I have built spreadsheet models looking at decay using lambda to determine the decay for each time period and then comparing the number left to that determined by using e ˆ- lamda x time.


These are my conclusions.
If lambda is very small, less than 0.00001 then it is true to say that it represents the probability of decay per time period. And that iterative calculations using lambda give results within negligible percentage difference from calculations using e.

Here is a summary of these findings. Here I used initial nuclei at 1e18

Value of lamda Percentage difference between nuclei left after 50 time periods

0.00000001	zero
0.0000001	zero
0.000001	-0.0000000025%
0.00001	-0.0000002500%
0.0001	-0.0000250017%
0.001	-0.0025016992%
0.01	-0.2519962456%
0.1	-30.7380847639%
0.2	-218.0942592831%

As lambda gets above 0.1 the maths of decay works but is no longer in agreement with A = N x lambda.

We can use any type of value for lambda including values such as 760 and the exp formula works correctly but if lambda is bigger than 0.2 and in particular bigger than one what does it mean? A = N x lambda cannot be true for values bigger than 1.

So here is my question: What precisely is lambda when it gets big?

 

[PeterDonis]

A = N x lambda.

Where did you get this formula and what do you think it means?

What precisely is lambda when it gets big?

The same thing as it is when it is small: the time constant in the exponential decay equation. I.e., at the end of one time period $\lambda$, the number of atoms of the original element decreases to $1 / e$ of what it was at the start.

Here is a summary of these findings.

You have posted no code or anything of that sort, so I can't tell where your calculations are going wrong, but they are wrong somewhere. I'm not sure why you would try a hand-built "iterative" model (whatever that means) in any case given that it is so easy to just calculate the exponential function directly.

We can use any type of value for lambda including values such as 760 and the exp formula works correctly

That's because the exponential formula is correct.

 

[Tibetan Blackbird]

Where did you get this formula and what do you think it means?


The same thing as it is when it is small: the time constant in the exponential decay equation. I.e., at the end of one time period $\lambda$, the number of atoms of the original element decreases to $1 / e$ of what it was at the start.


You have posted no code or anything of that sort, so I can't tell where your calculations are going wrong, but they are wrong somewhere. I'm not sure why you would try a hand-built "iterative" model (whatever that means) in any case given that it is so easy to just calculate the exponential function directly.


That's because the exponential formula is correct.

Thank you, but you are not answering my question. My A level book says that lambda is the probability of decay per second. And the equation provided to A level students is here. It says that activity in Bq is equal to lambda x N (number of unstable nuclei) This makes sense for small values of lambda but not for large ones.

 

[PeterDonis]

My A level book

What book?

says that lambda is the probability of decay per second.

It would be more precise to say probability density, since we are talking about a continuous function and its derivative.

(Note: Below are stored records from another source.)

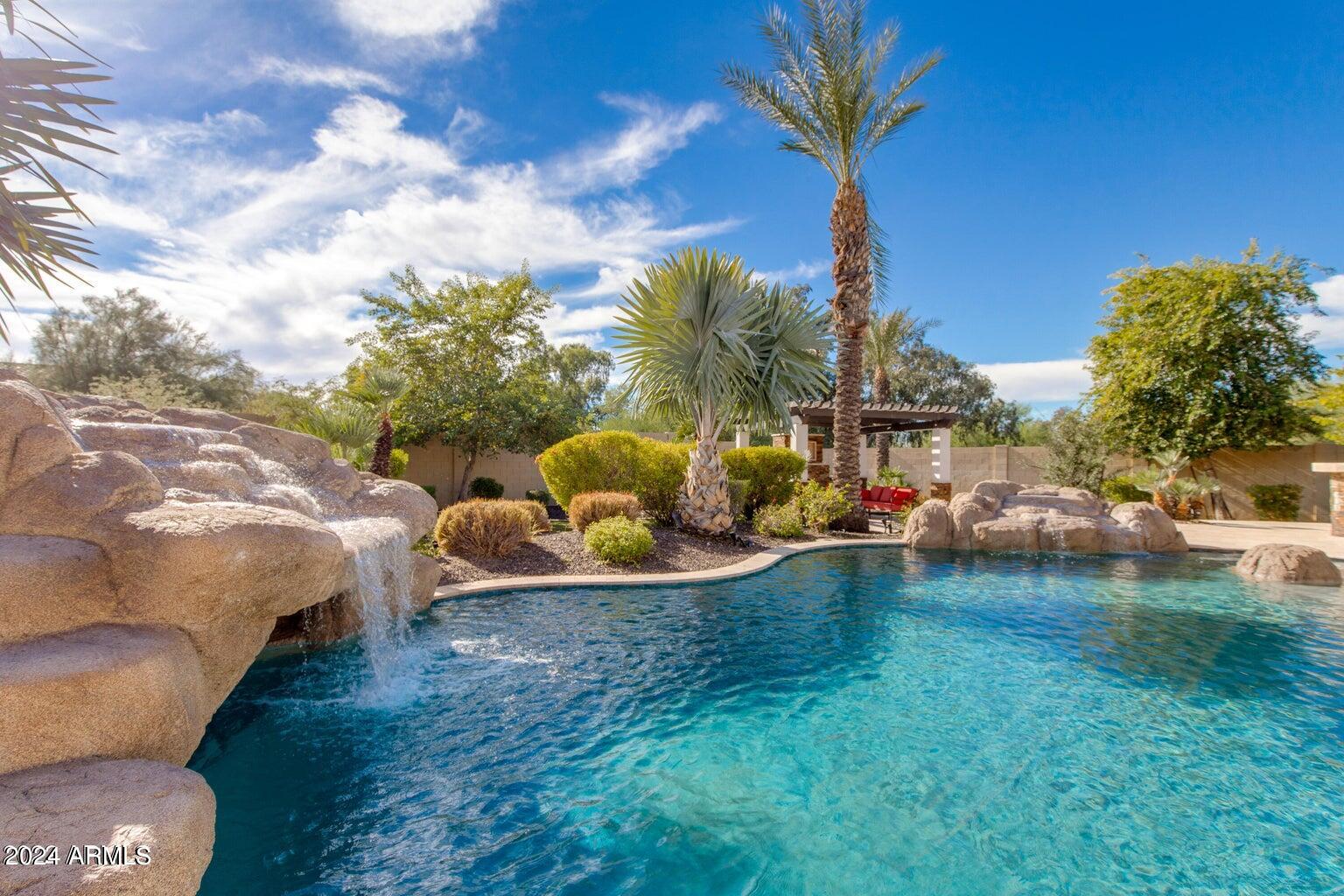 11607 E ONYX Avenue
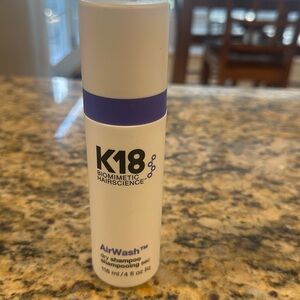 K18 Airwaah dry shampoo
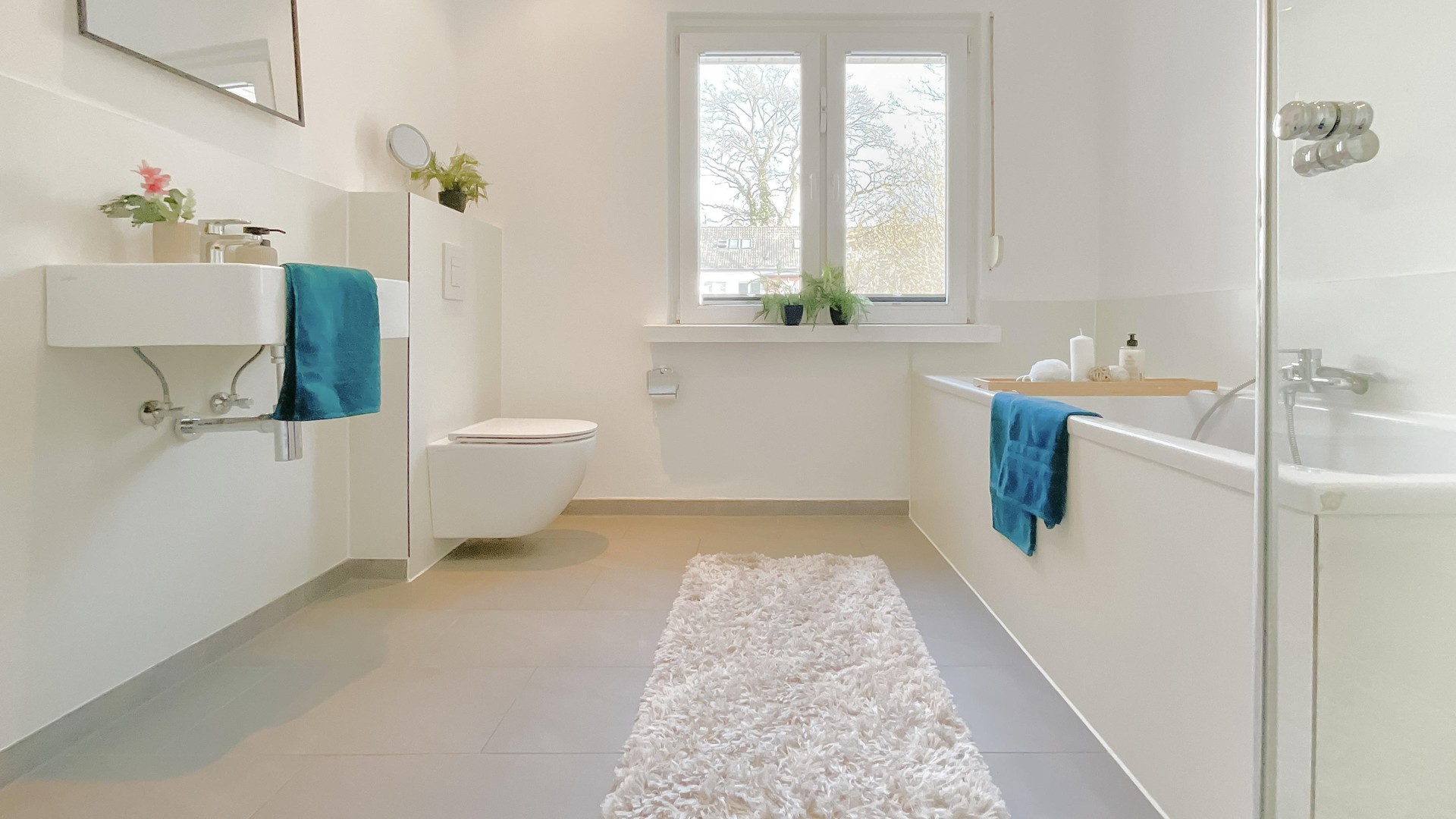 Zentral in HH-Niendorf: Einfamilienhaus (5,5 Zimmer) mit sonnigem Garten und PKW Stellplatz – Hamburg – Vorschaubild 5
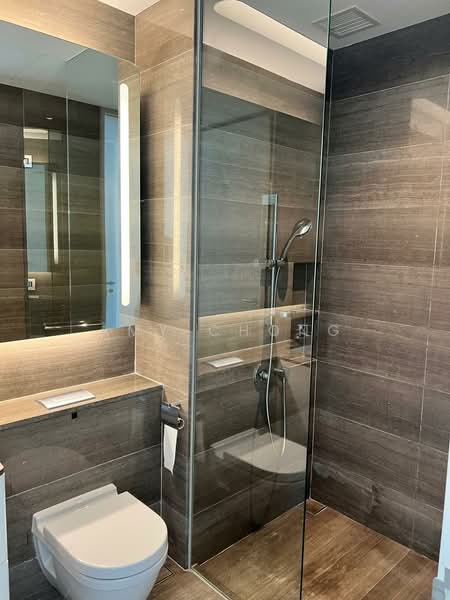 Lloyd SixtyFive, 65 Lloyd Road, 2 Bedrooms, 1,819 sqft, Condominium For Rent, by Amy Chong, 500151318 - Bathroom - PropertyGuru.com.sg
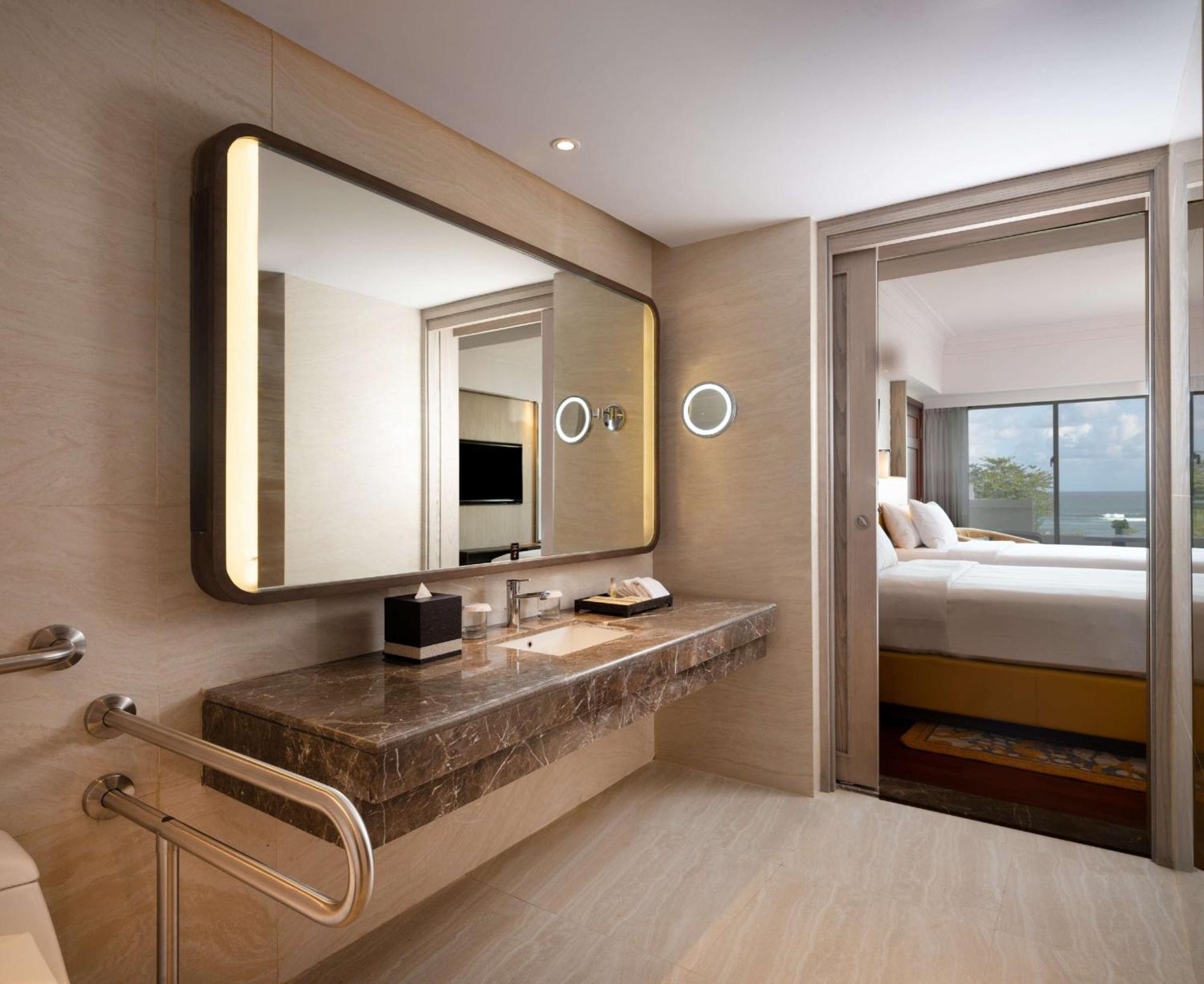 Quarto com 2 Camas de Solteiro e Vista do Mar - Acessível para Hóspedes com Mobilidade Reduzida
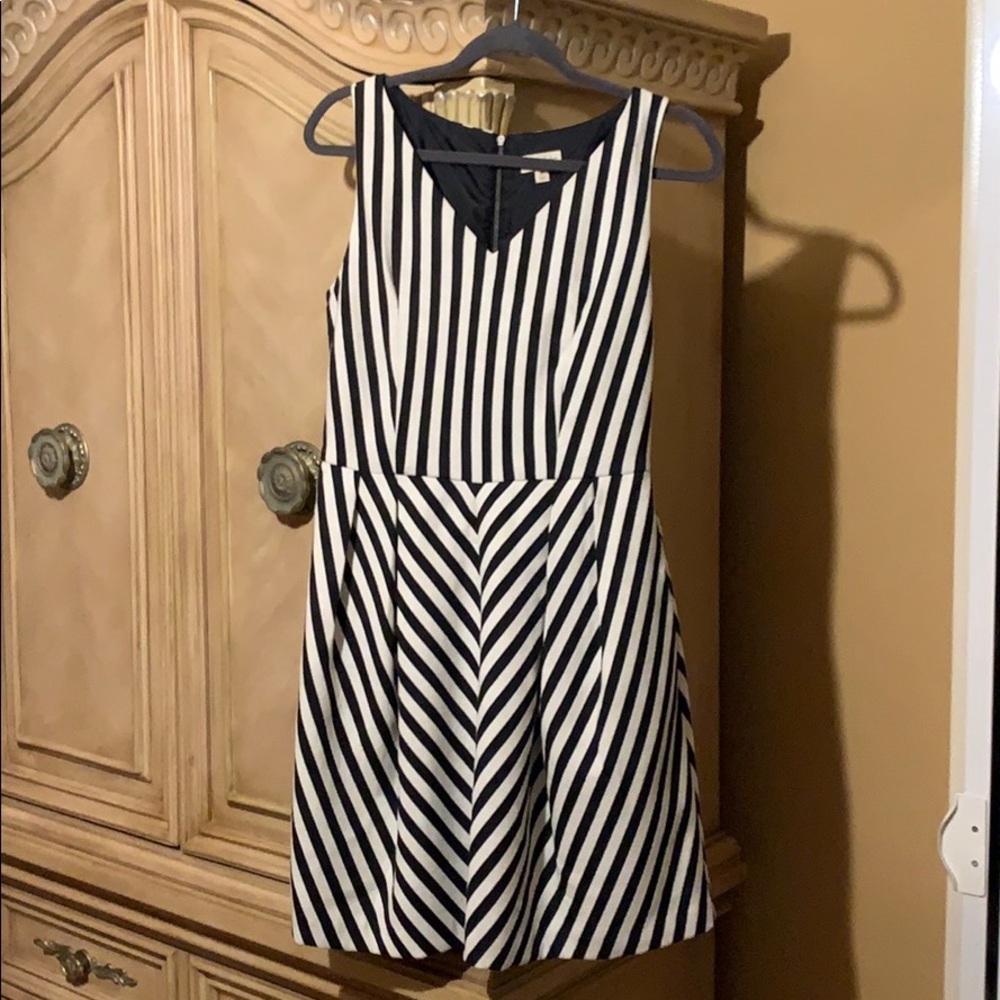 Black and white dress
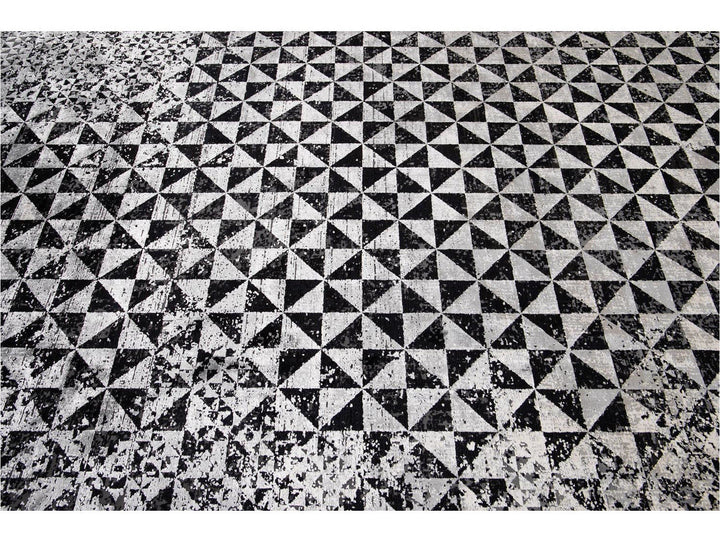 Contemporary Wool and Silk Rug 8 X 11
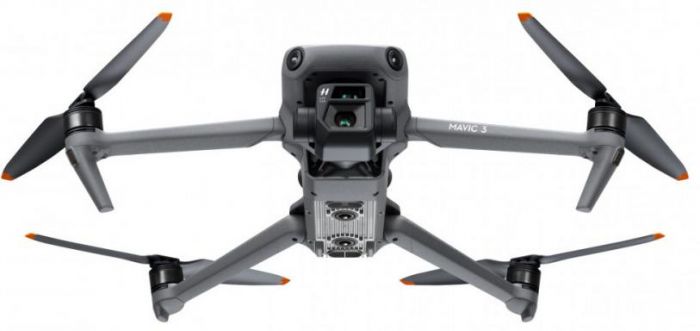 Квадрокоптер DJI Mavic 3 Fly More Combo (CP.MA.00000452.01/02)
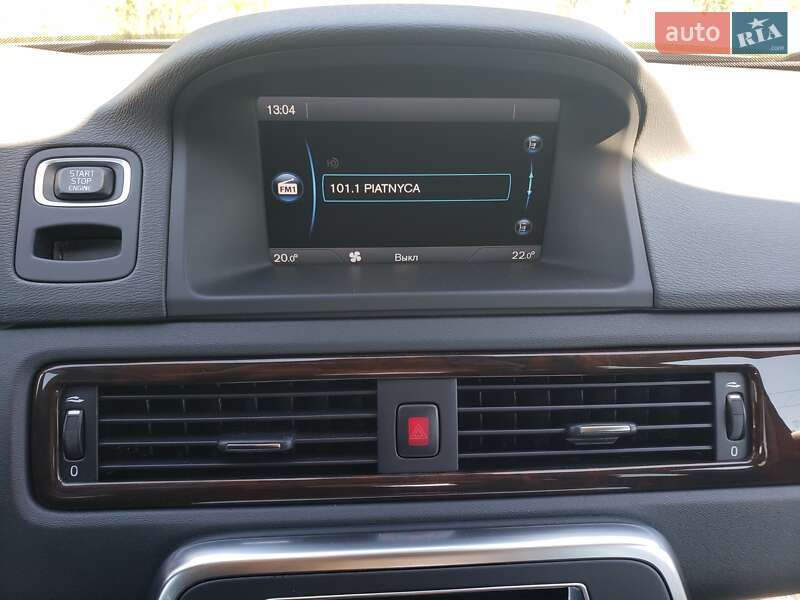 Универсал Volvo XC70 2013 в Киеве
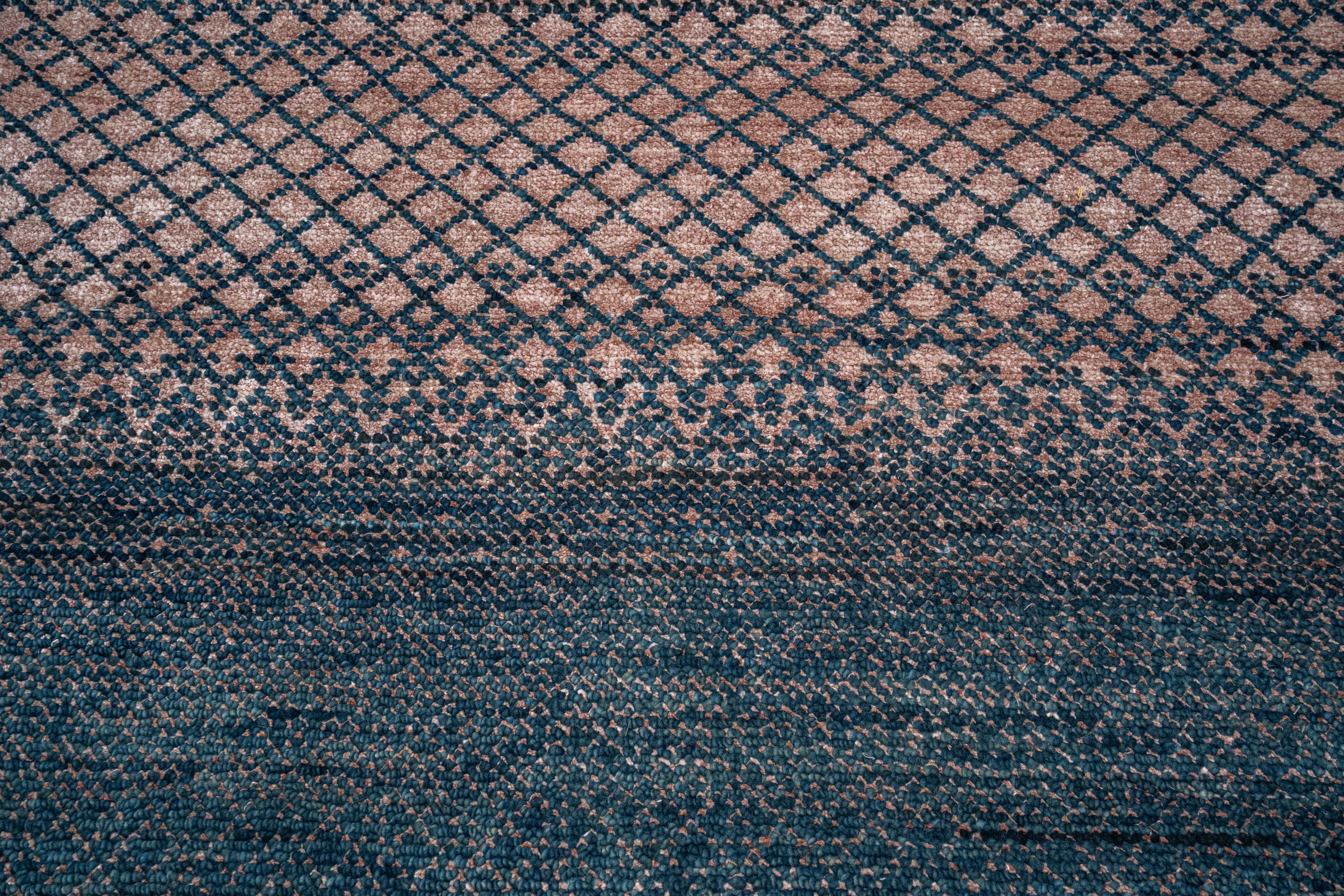 Handknotted Carpet, DIA- 307 DCM, Police Blue & Copper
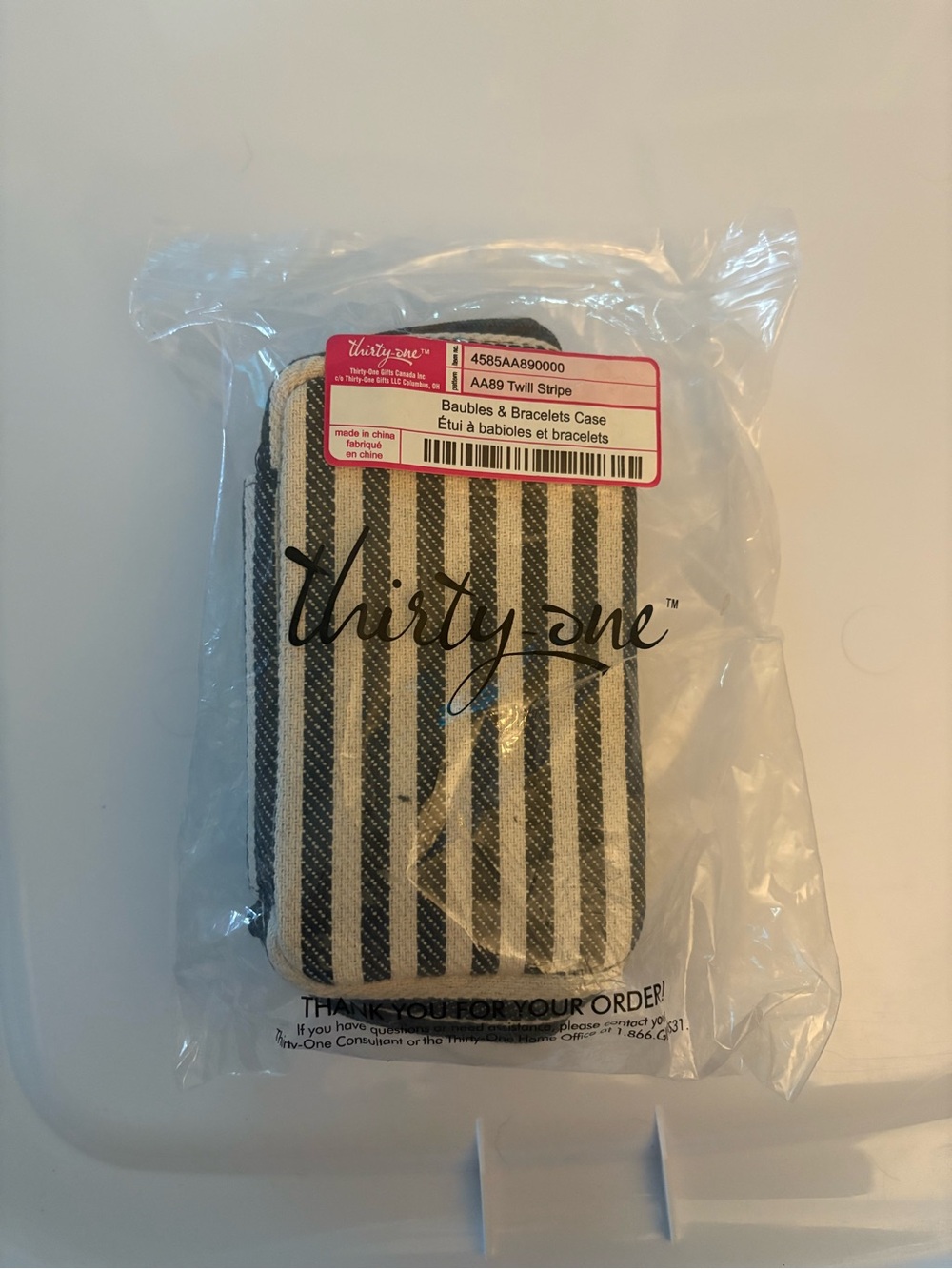 thirty-one Stripe Jewelry Case in Black and Cream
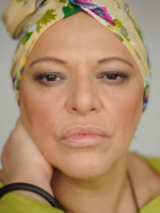 Na zdjęciu twarz artystki.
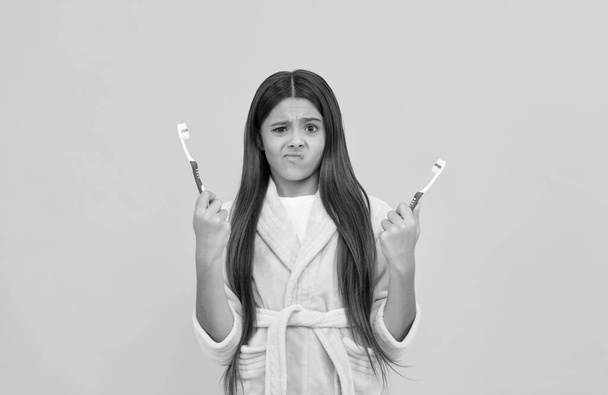 nieszczęśliwy nastolatek dziewczyna w domu frotte szlafrok trzymać szczoteczka do zębów, opieka dentystyczna - Zdjęcie, obraz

the equation provided to A level students is here.

Here, as in where? Please provide a link or reference to the book you got this from.

It says that activity in Bq is equal to lambda x N (number of unstable nuclei)

Yes, and then it solves for the number of atoms and the activity as a function of time, which is the exponential decay law.

At any instant of time, you can say that the activity given by the exponential decay law is equal to the product of $\lambda$ and the number of atoms, $N$, remaining at that time. That is what $A = \lambda N$ means. But if you want to evaluate the change in activity over a period of time, and how that affects the number of atoms remaining over a period of time, you need to use the exponential decay law. That's what it's for.

This makes sense for small values of lambda but not for large ones.

No, your hand-built attempt to do different math from what is explicitly shown in the image you gave, whatever that math is (you haven't shown it), appears to be a reasonable approximation for small values of $\lambda$ but not for large ones. But why would you bother with an approximation when the correct exact equation is (a) right there in front of you, and (b) simple to compute?